[Records from a data collection]
__________________________________________________
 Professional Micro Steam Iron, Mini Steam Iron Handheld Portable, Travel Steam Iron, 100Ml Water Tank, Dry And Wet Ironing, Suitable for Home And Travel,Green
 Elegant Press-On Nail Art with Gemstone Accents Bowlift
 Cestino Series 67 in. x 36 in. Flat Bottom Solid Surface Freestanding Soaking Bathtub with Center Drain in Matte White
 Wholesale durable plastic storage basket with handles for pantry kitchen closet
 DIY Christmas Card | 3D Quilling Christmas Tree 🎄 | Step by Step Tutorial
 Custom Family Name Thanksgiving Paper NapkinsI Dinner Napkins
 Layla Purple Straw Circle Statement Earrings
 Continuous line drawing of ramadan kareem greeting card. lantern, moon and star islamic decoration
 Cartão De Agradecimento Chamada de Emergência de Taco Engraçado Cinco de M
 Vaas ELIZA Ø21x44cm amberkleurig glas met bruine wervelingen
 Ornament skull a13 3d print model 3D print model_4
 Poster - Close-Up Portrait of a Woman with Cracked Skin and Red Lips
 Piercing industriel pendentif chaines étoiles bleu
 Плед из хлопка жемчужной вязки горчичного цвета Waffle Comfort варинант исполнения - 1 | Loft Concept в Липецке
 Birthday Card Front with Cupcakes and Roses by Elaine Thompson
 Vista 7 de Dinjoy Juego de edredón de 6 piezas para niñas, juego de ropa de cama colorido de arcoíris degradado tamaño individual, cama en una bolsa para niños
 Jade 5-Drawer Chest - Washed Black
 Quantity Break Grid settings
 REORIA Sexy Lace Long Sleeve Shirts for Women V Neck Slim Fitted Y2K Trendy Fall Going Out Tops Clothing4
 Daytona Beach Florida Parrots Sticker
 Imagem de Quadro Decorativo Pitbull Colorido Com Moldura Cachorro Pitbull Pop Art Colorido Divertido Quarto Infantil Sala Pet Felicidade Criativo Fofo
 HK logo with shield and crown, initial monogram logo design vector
__________________________________________________
■ **ASSIGNMENT**: Give back exactly the lines above, from the line containing "Jade 5-Drawer Chest - Washed Black" through the line containing "Daytona Beach Florida Parrots Sticker", with both end lines and nothing more.

■ **THE COMPLETED TASK**:
 Jade 5-Drawer Chest - Washed Black
 Quantity Break Grid settings
 REORIA Sexy Lace Long Sleeve Shirts for Women V Neck Slim Fitted Y2K Trendy Fall Going Out Tops Clothing4
 Daytona Beach Florida Parrots Sticker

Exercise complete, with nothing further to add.